In the 1950s, Frissell took informal portraits of the famous and powerful in the United States and Europe, including Winston Churchill, Eleanor Roosevelt, the Vanderbilts, architect Stanford White and John F. and Jacqueline Kennedy. She worked for Sports Illustrated and Life magazines. Throughout her photographic career, she worked at home and abroad for these large publications.

When she grew tired of fashion photography and fluctuating between contracts with Vogue and Harper’s Bazaar, she continued her interest in active women and sports. She was hired in 1953 as the first woman on the staff of Sports Illustrated. For several decades, she was one of few female sport photographers. After 1950, she did freelance work for Life, Look, Vogue, and Sports until her retirement in 1967.

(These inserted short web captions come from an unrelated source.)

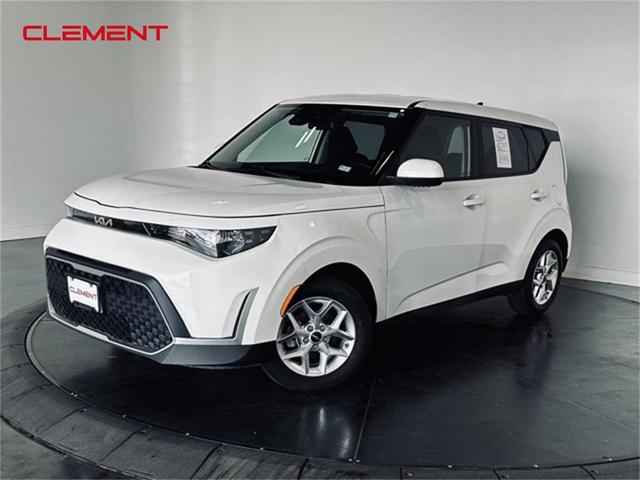 2023 kia soul lx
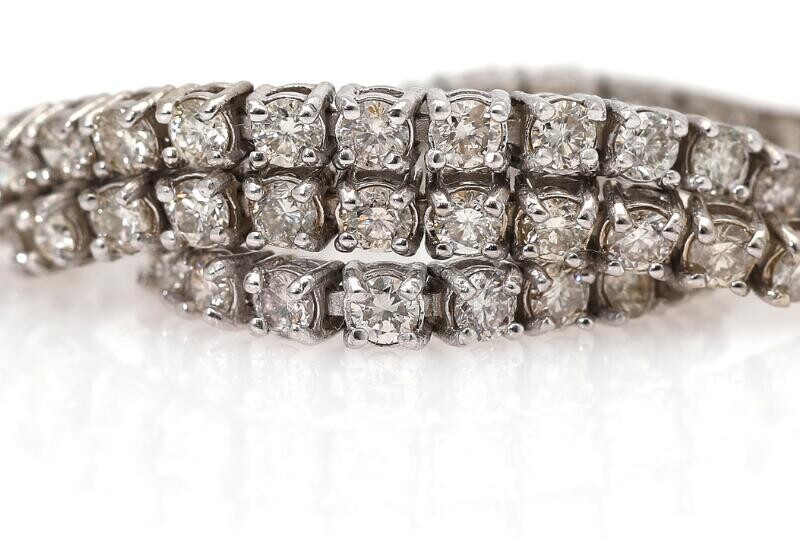 NOT SOLD. A diamond bracelet set with numerous diamonds weighing a total of app. 2.89 ct., mounted in 14k white gold. L. app. 19 cm. – Bruun Rasmussen Auctioneers of Fine Art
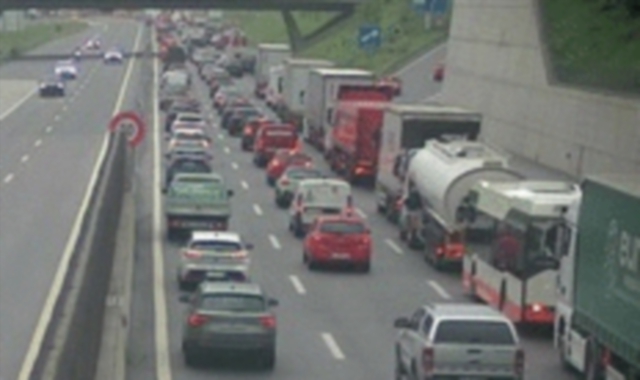 Lunedì nero sulle strade: code a Gaggiolo, sul Sempione e sulla A8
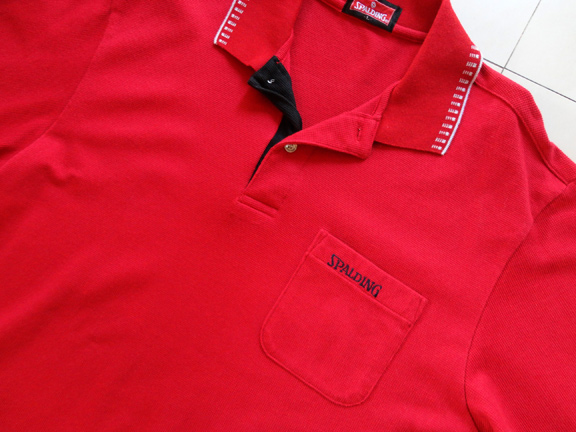 เสื้อโปโลคอปก Spalding มีกระเป๋า สีแดง ของแท้จากญี่ปุ่น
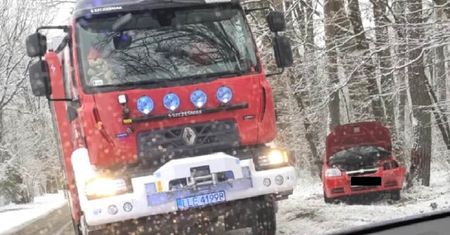 Seria kolizji po spadku temperatury. Kierowcy boleśnie odczuli zimę na własnej skórze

In later work she concentrated on photographing women from all walks of life, often as a commentary on the human condition. Her iconic 1944 photograph, My Shadow, of a boy with outstretched arms admiring his long shadow on the sea sand, was selected by Edward Steichen for the world-touring exhibition The Family of Man at the Museum of Modern Art in New York. First used for book illustration, at MOMA it was seen by 9 million visitors. In 1957 the photograph was used for the cover of a popular psychology text.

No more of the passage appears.